GDC Thoughts, Part 2

First blogging away from home. All two miles of distance.

My best session today was ten sessions long. The problem with GDC is that, even when you know the speaker and the topic, sometimes you don’t get you what you’re looking for. Or the speaker has a bad day, whatever. What’s one answer to that? Shorter sessions. For the second year in a row, I attended the the microtalks panel: Ten speakers, five minutes each.
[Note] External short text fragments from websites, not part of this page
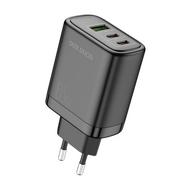 Ładowarki do telefonów - Dux Ducis Dux Ducis C110 ładowarka sieciowa 65W 2x USB Typ C / 1x USB Power Delivery Quick Charge czarny - miniaturka - grafika 1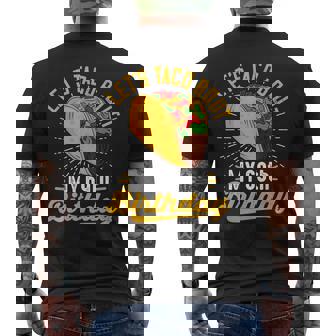 Let's Taco Bout My 69Th Birthday Taco 69 Year Old Men's T-shirt Back Print - Monsterry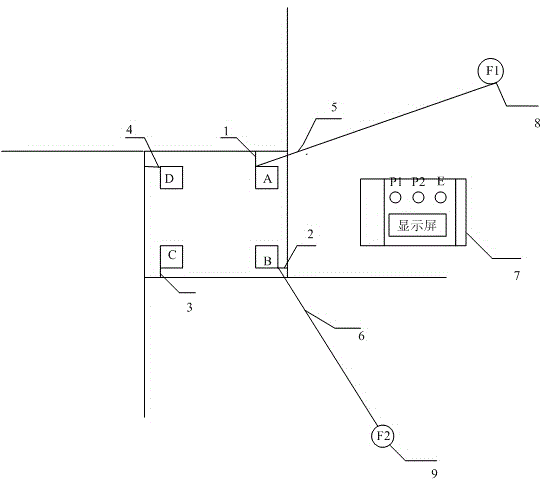 Transmission line tower ground resistance testing system and method based on two-pole method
Tracy Fullerton’s talk on difficulty was interesting. As was Clint Hocking’s rock-throwing at reviews in games. But for information density per second, I enjoyed N’gai’s examination of player controlled difficulty: sometimes overt and sometimes as a dynamic response by the game. There’s obvious value and applicability in letting the player choose difficulty, even in multiplayer (Gears 2), but what interested me was how else you could systematically layer in difficulty without just tweaking numbers and AI reaction times.
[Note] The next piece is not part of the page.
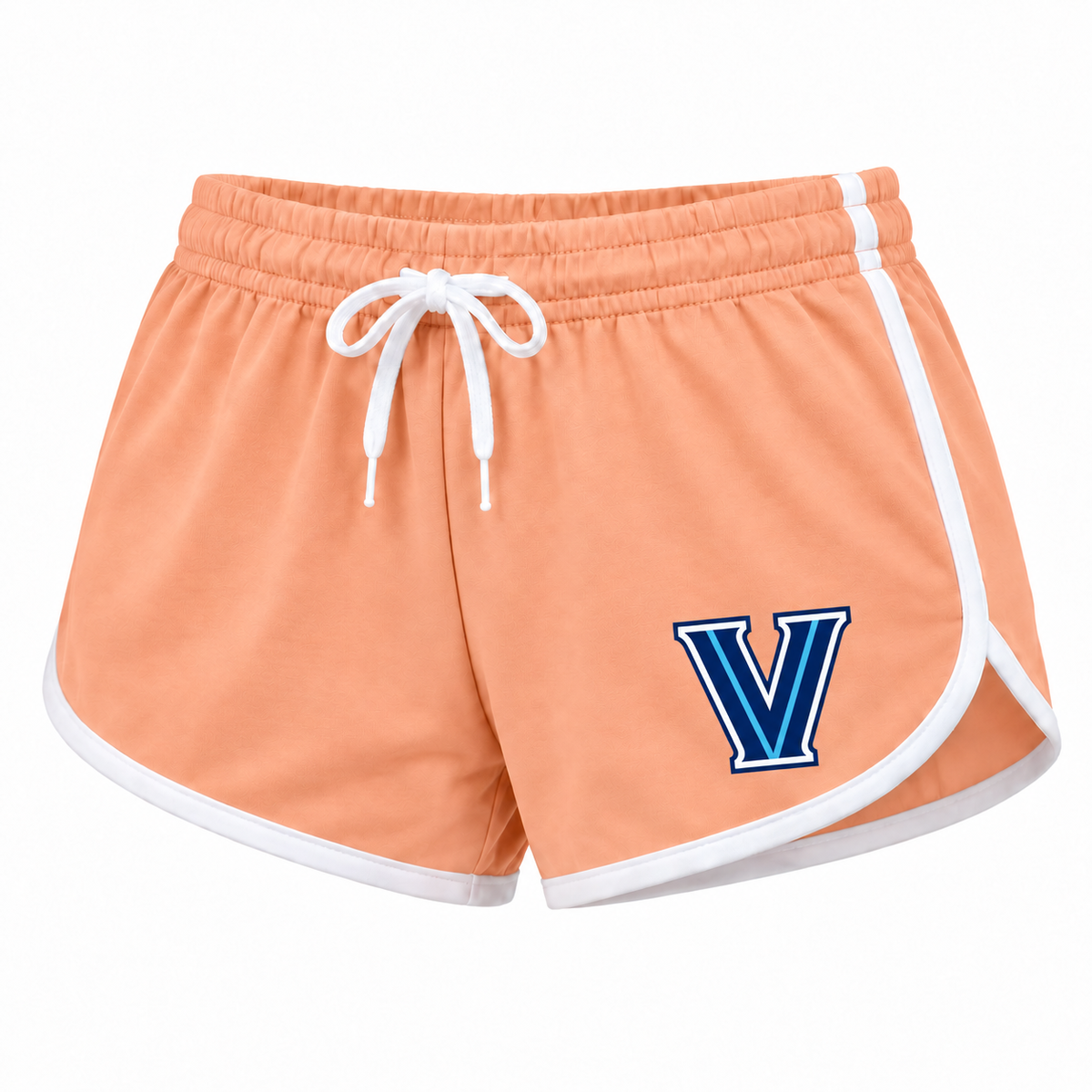 Villanova Wildcats women's booty shorts - Peach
mg ssBest example? Ratchet and Clank. Die in the game, and you respawn, of course, but so have the power-up bolts. And you still keep the bolts you’ve already earned. Unlike our usual expectation where the hard core player is the only one to embrace repeated content and grab collectibles, here the power-up wee factor means that the guy who dies doesn’t feel so bad, and the extra power-ups mean an easier experience as he goes.

PS: I love Metal Gear, including MGS4. And what was my favorite takeaway from the Kojima keynote? The stealth genre was born out of a sprite limitation on the MSX.